KENTUCKY: Clerk Kim Davis Testifies That She "Prayed And Fasted" About Denying Same-Sex Marriage Licenses

Infamous Kentucky county clerk and alleged dog-napping conspirator Kim Davis took the stand today in the ACLU's lawsuit against her for refusing to issue same-sex marriage licenses. Via the local CBS affiliate:
Davis told the court she's an apostolic Christian and her religion says that marriage can only be between a man and a woman. She says her right to freedom of religion affords her the ability to deny same-sex licenses because she believes the wording on the certificate means she's authorizing the license. Davis said that is something she can't do. "If I authorize it, I'm saying I agree with it. I can't do that," she said. An attorney representing the couples who are suing Davis asked her how far a clerk could take their religious beliefs when it comes to denying licenses. He asked, for example, whether a clerk could refuse a license if they did not believe interracial marriage was biblical. He also asked whether a clerk could deny a license to someone who wanted to get remarried after a divorce. Davis said she couldn't speak for anyone else and didn't answer any hypothetical questions. The plaintiff's attorney asked Davis if she would change her position if the judge orders her to issue those licenses. She said she'd deal with that when the time comes.
More from Kentucky.com:
"It was something I had prayed and fasted over. ... It wasn't a spur of the moment decision," Davis told U.S. District Judge David Bunning, her voice breaking.
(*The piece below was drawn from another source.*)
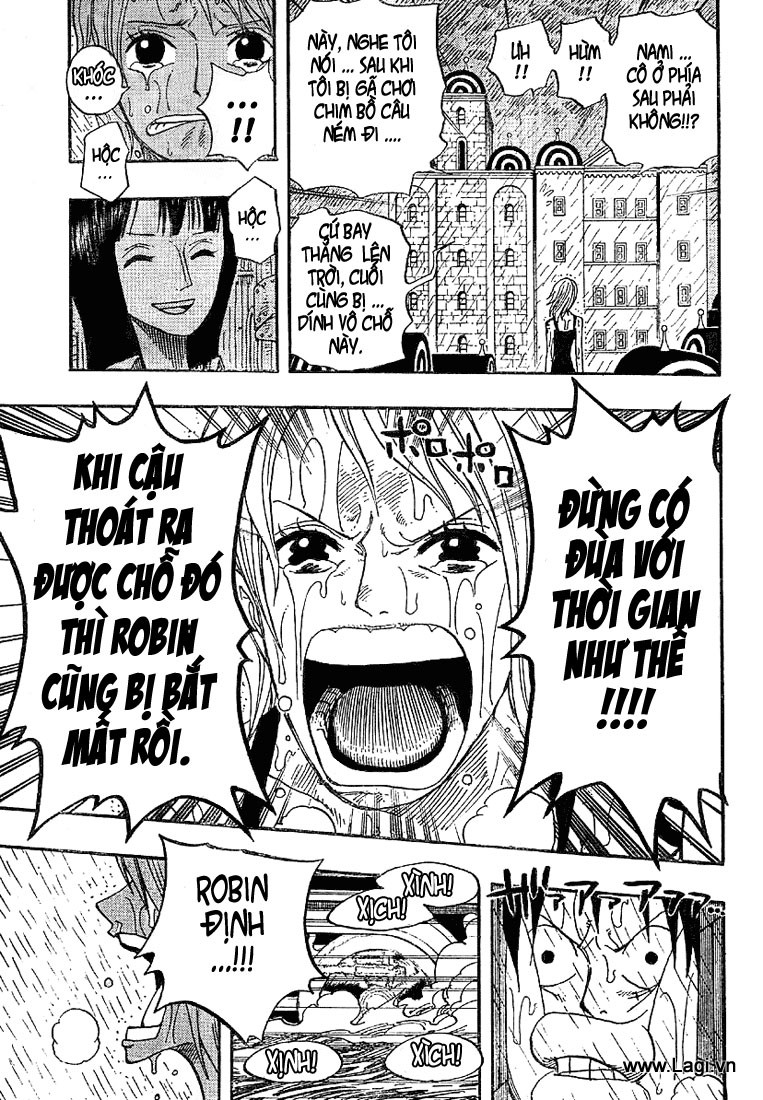 One Piece - Đảo Hải Tặc Chapter 363 - Image 7
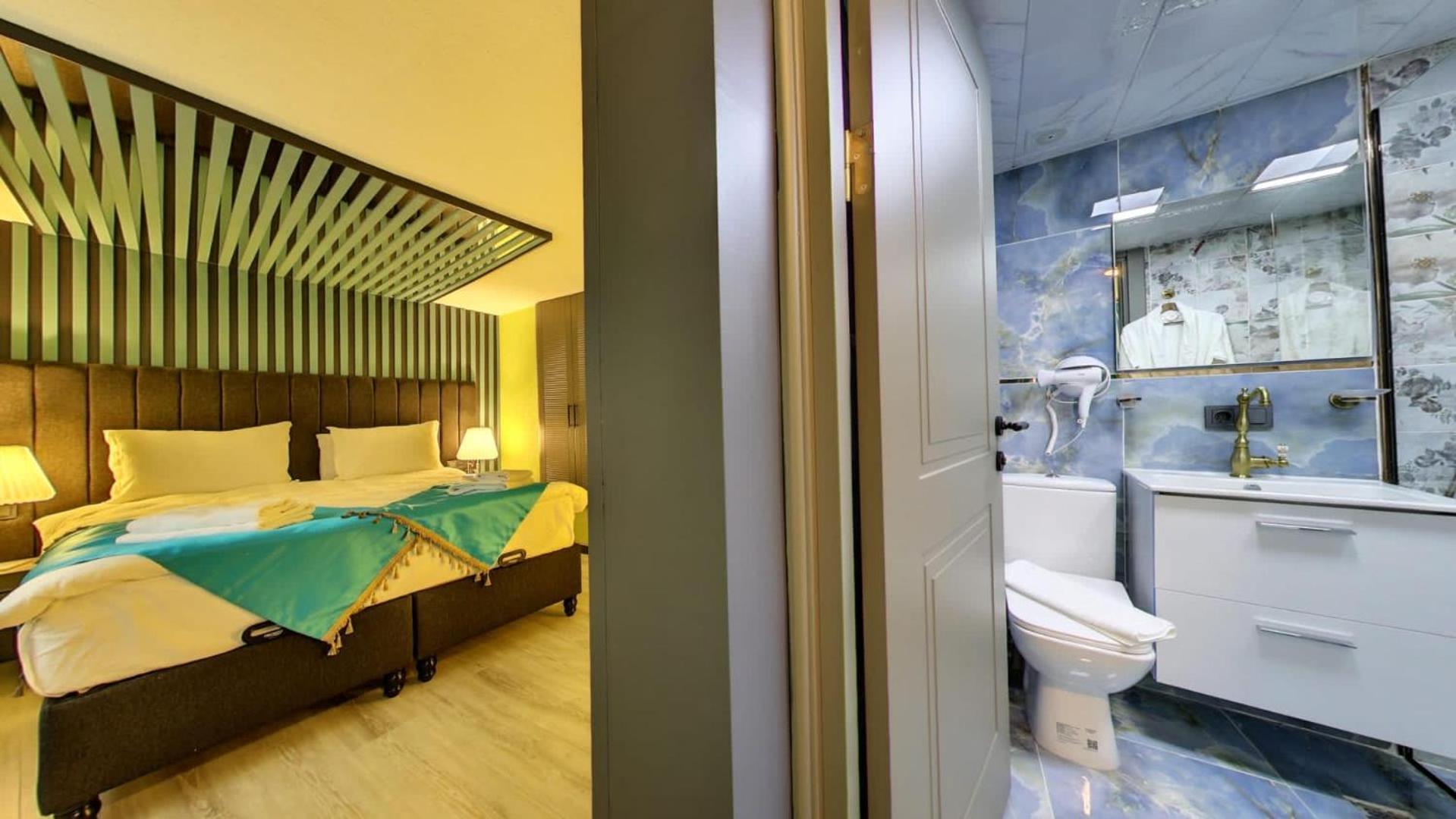 Otel Wonder House Sultanahmet İstanbul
To authorize licenses, she said, means "I'm saying I agree with it, and I can't." Her choice to also deny licenses to straight couples was because "I didn't want to discriminate against anyone." Two of those straight couples and two gay couples from Rowan County sued Davis shortly after her office stopped issuing marriage licenses to anyone in the wake of the June 26 decision by the Supreme Court, which overturned Kentucky's ban on same-sex marriage and declared the practice legal across the country.  After the hearing, Davis' lawyer, Roger Gannam of Liberty Counsel, a non-profit firm that specializes in religious-freedom cases, said the plaintiffs could have obtained licenses in Ashland, the site of the previous hearing, or in Covington. "This case is not about these plaintiffs' desire to get married," Gannam said. "This case is about the plaintiffs' desire to force Kim Davis to approve and authorize their marriages in violation of her Constitutionally protected religious beliefs."
The judge said today that he will issue his ruling during the week of August 11th. Kentucky's county clerks are elected and can only be removed by the state legislature, which does not reconvene until January. Renegade clerks face jail time for contempt of court should they refuse an order to issue licenses.